Lastly, process and maturity changes:
  • Process changes and (quality) maturity growth: As we work with our customer and the market is maturing, we are fortunate to observe market trends that are happening (some slower than others, but still)
    1. CoE collaboration with the app team: As agile is implemented in many of our customers, we’re witnessing first hand the autonomy and independence driven by the application team. While the application team creates, builds and tests code, they still may need centralized perspective on quality practices and tooling needed for success. Some of these teams consider and curious about the application usage and behavior in production (more below). Our recommendation to the various teams is to seek and drive collaboration: for example, establish a slim, robust and stable acceptance test to build a common language between the tests that are run in the cycle and those running after.
    2. DevOps: Teams are seeking efficiencies and transparency in managing quality across the SDLC. One area is shifting testing earlier in the cycle, covered nicely by my colleague Eran. devops1The second is using the same (testing) tool and approach for production (‘Testing in production’). This approach reduces delays in time to launch (no need to wait until production monitoring scripts are created) and enables visibility to usage, behavior and weaknesses of the app in production.
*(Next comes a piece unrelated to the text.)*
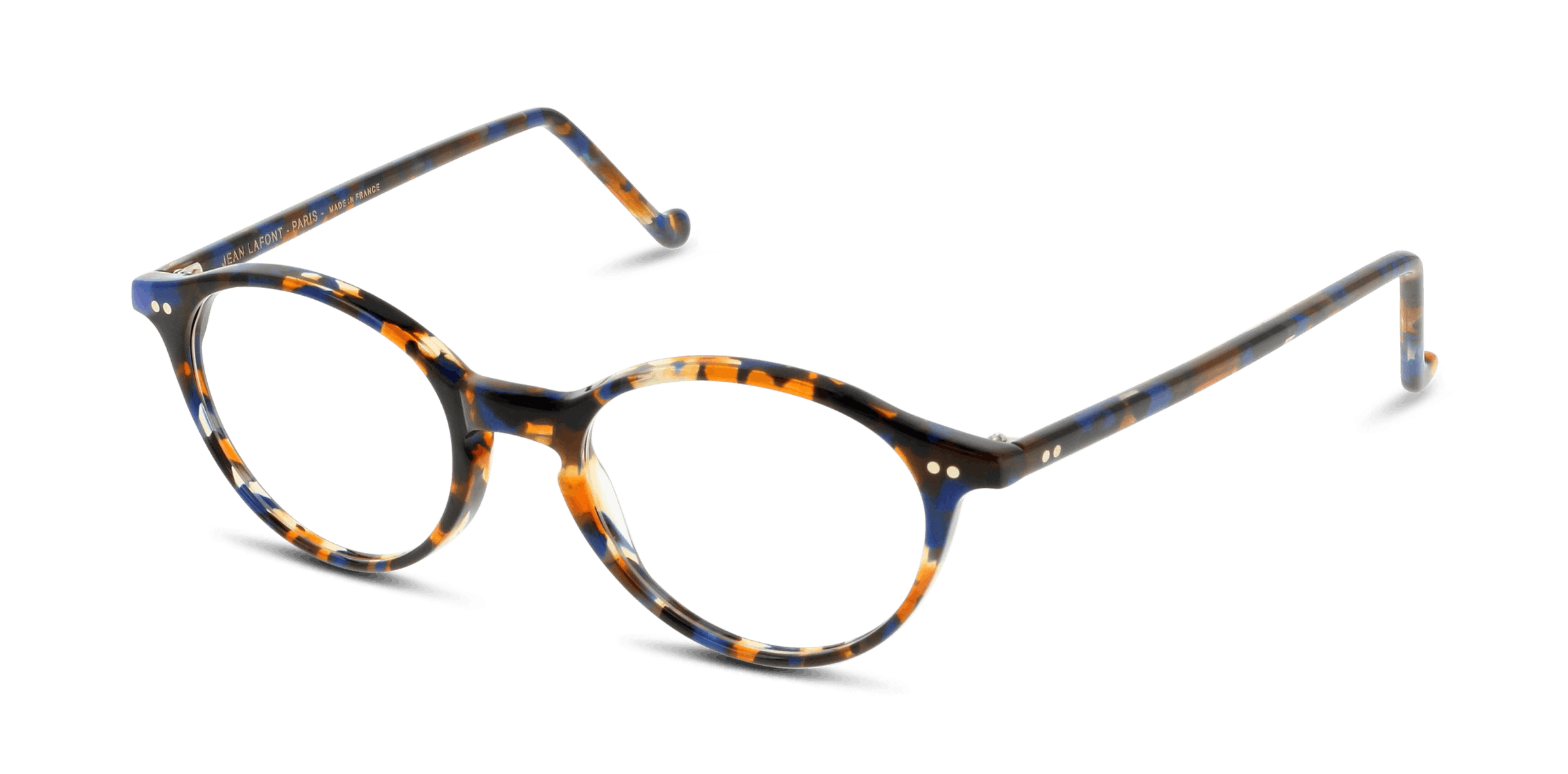 [products.image.angle_left01] LAFONT JUPITER 3048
I believe traditional production-dedicated APM tools will need to find ways to merge into the cycle to survive.
    3. New entrants in the developer/quality workflow: I believe new opportunities and startups will emerge in areas that simplify/automate testing and predict the impact of code changes in advance. Imagine proactive code scanning tools integrated with production insight that direct developers about the risk associated with the area of code you’re about to touch, or automated test code/plan generators. This area has plenty of room for growth.

 

Advanced areas

  • Shifting, even more, testing left: In further mature teams we find that automation drives further test cases into the nightly regressions test, because it provides high value (as opposed to finding bugs late) and it’s frankly, possible. The area of introducing real user conditions in the cycle provides critical insight. Other areas such as small-scale multi user test (for code efficiency and multi-threading behavior), some level of security, accessibility tests etc.
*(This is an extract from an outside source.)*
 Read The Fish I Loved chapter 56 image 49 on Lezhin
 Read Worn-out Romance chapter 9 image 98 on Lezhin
  • Transitioning testing to user journey: Lastly, an advanced topic I’d like to mention is changing the perspective from a matrix of test cases X browsers/devices/OS/version X real user conditions into diagonal, if you will, user journeys across platforms. To go by example, take a typical journey for bank loan research: consumers are likely to begin their engagement on a large screen where they research rates, terms etc. They may summarize findings and take decisions using excel (local/online). They may apply for a loan over their desktop browser or on their tablet, and then continue the interaction on their mobile device. In those ‘diagonal’ test journeys one could then classify different journeys into different personas: There’s the consumer, the loan officer, the customer care professional etc. All of whom go through different journeys on different screens. Being able to provide a quality score per build for specific persona’ journey would be very meaningful to the business to make decisions. The point being, in a limited time available for quality activities, one could consider creating user journeys across specific screens rather than trying the complete rows and columns across test cases and screens matrix.
To summarize, I see an exciting 2017 coming with lots of changes and innovation in delivering digital applications that work. Certainly looking forward to taking part!